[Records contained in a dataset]
----------

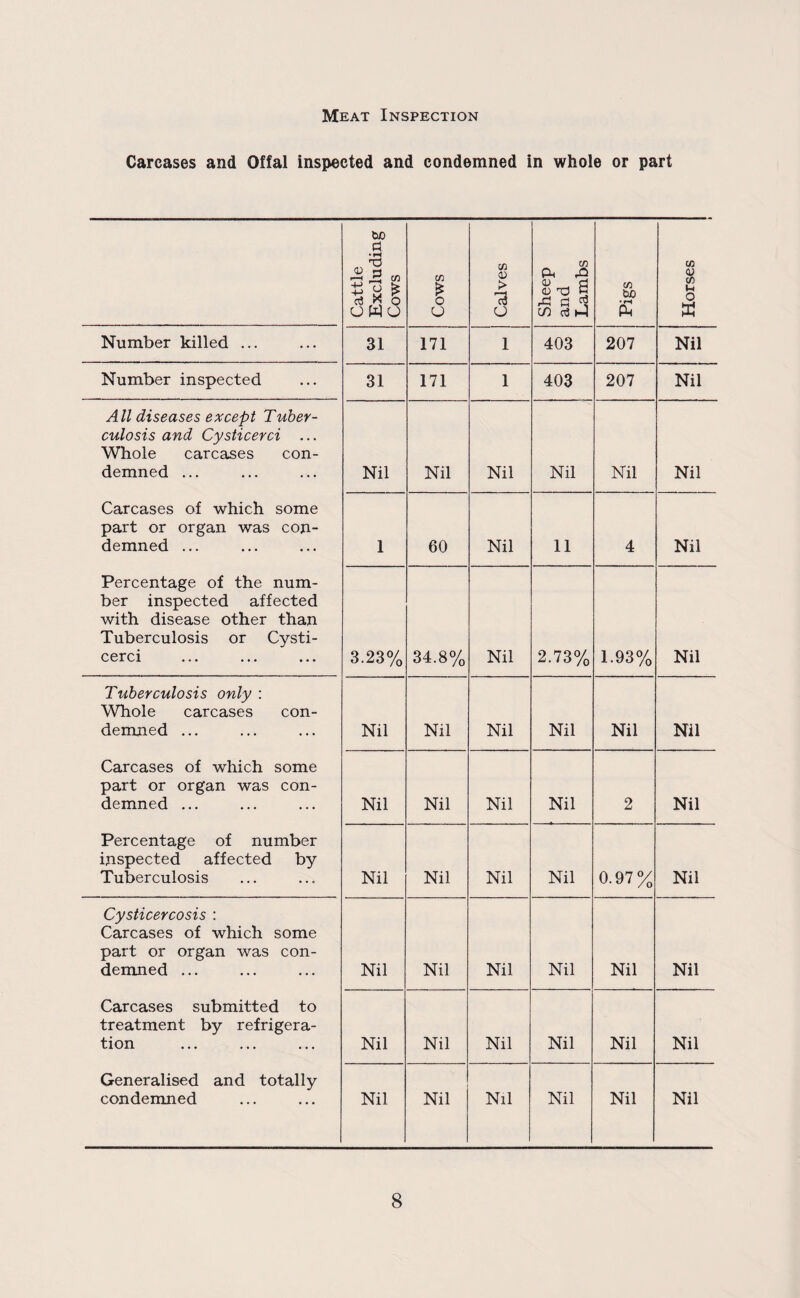 Meat Inspection Carcases and Offal inspected and condemned in whole or part Cattle Excluding Cows Cows Calves Sheep and Lambs Pigs Horses l Number killed ... 31 171 1 403 207 Nil Number inspected 31 171 1 403 207 Nil All diseases except Tuber¬ culosis and Cysticerci ... Whole carcases con¬ demned ... Nil Nil Nil Nil Nil Nil Carcases of which some part or organ was con¬ demned ... 1 60 Nil 11 4 Nil Percentage of the num¬ ber inspected affected with disease other than Tuberculosis or Cysti¬ cerci 3.23% 34.8% Nil 2.73% 1.93% Nil Tuberculosis only : Whole carcases con¬ demned ... Nil Nil Nil Nil Nil Nil Carcases of which some part or organ was con¬ demned ... Nil Nil Nil Nil 2 Nil Percentage of number inspected affected by Tuberculosis Nil Nil Nil Nil 0.97% Nil Cysticercosis : Carcases of which some part or organ was con¬ demned ... Nil Nil Nil Nil Nil Nil Carcases submitted to treatment by refrigera¬ tion Nil Nil Nil Nil Nil Nil Generalised and totally condemned Nil Nil Nil Nil Nil Nil
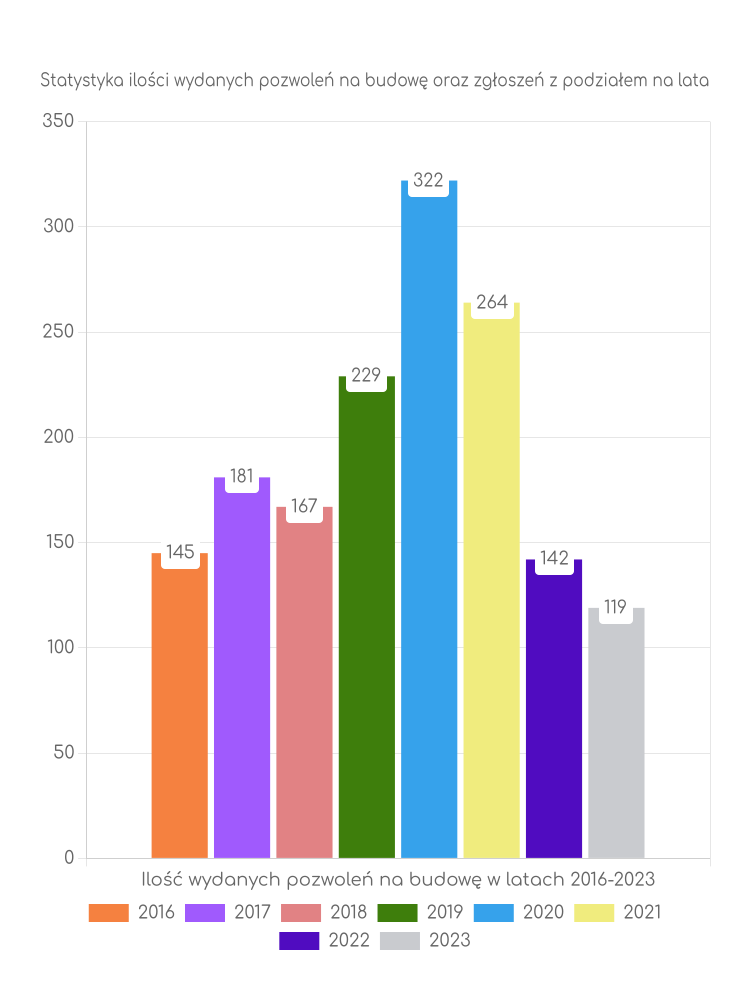 Zestawienie statystyk pozwoleń na budowę w gminie Świdnica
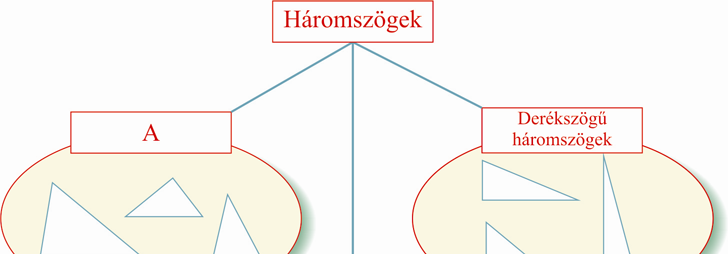 22 MATEMATIKA A 9. SZAKISKOLAI ÉVFOLYAM TANÁRI KÉZIKÖNYV Feladatok 11. Mit írhatnánk A, illetve B helyére?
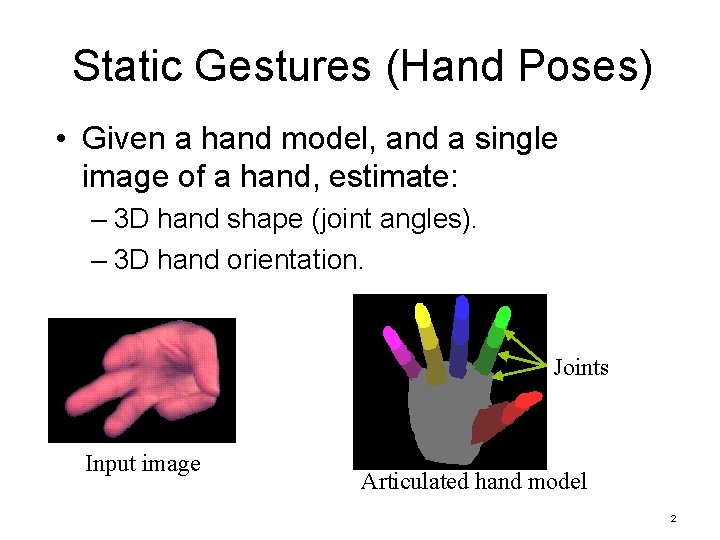 Static Gestures (Hand Poses) • Given a hand model, and a single image of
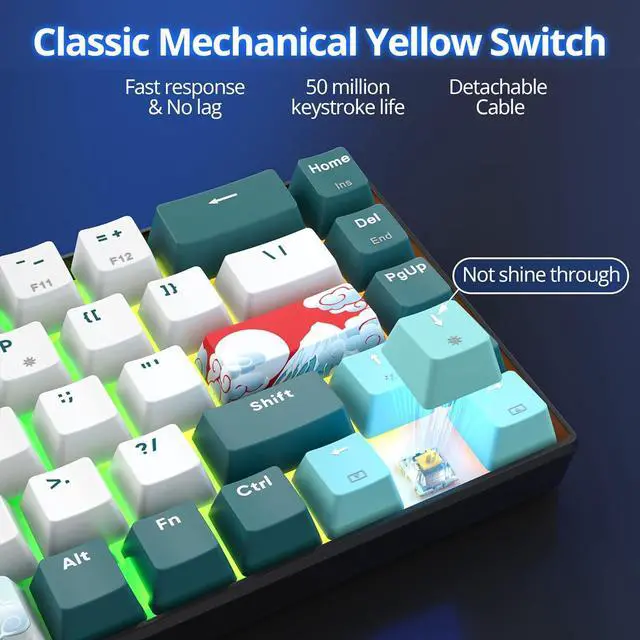Alt view image 6 of 7 - Fogruaden Hot Swappable 60% Wireless Mechanical Gaming Keyboard 60 Percent, 2.4G/USB-C/Bluetooth Keyboard, RGB Backlit, 68 Keys NKRO(Yellow Switch, Forest)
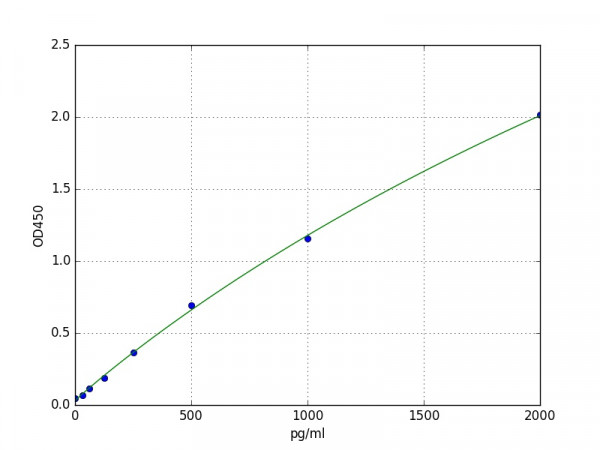 Human CD31 / PECAM-1 ELISA Kit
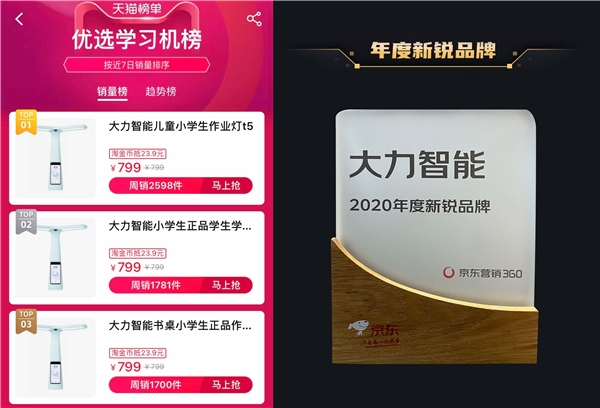 教育硬件發(fā)展進入快車道，大力智能作業(yè)燈何以成為品類贏家？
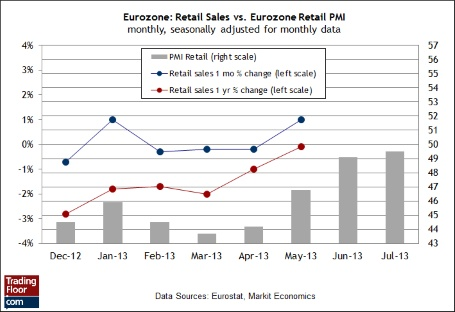 график розничных продаж ЕС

----------

**PROBLEM STATEMENT**
Your copy should consist solely of the lines from the line containing "Zestawienie statystyk pozwoleń" through the last line of the records above, reproduced exactly, with the pictures left out.

**SOLUTION BELOW**
 Zestawienie statystyk pozwoleń na budowę w gminie Świdnica
 22 MATEMATIKA A 9. SZAKISKOLAI ÉVFOLYAM TANÁRI KÉZIKÖNYV Feladatok 11. Mit írhatnánk A, illetve B helyére?
 Static Gestures (Hand Poses) • Given a hand model, and a single image of
Alt view image 6 of 7 - Fogruaden Hot Swappable 60% Wireless Mechanical Gaming Keyboard 60 Percent, 2.4G/USB-C/Bluetooth Keyboard, RGB Backlit, 68 Keys NKRO(Yellow Switch, Forest)
 Human CD31 / PECAM-1 ELISA Kit
 教育硬件發(fā)展進入快車道，大力智能作業(yè)燈何以成為品類贏家？
 график розничных продаж ЕС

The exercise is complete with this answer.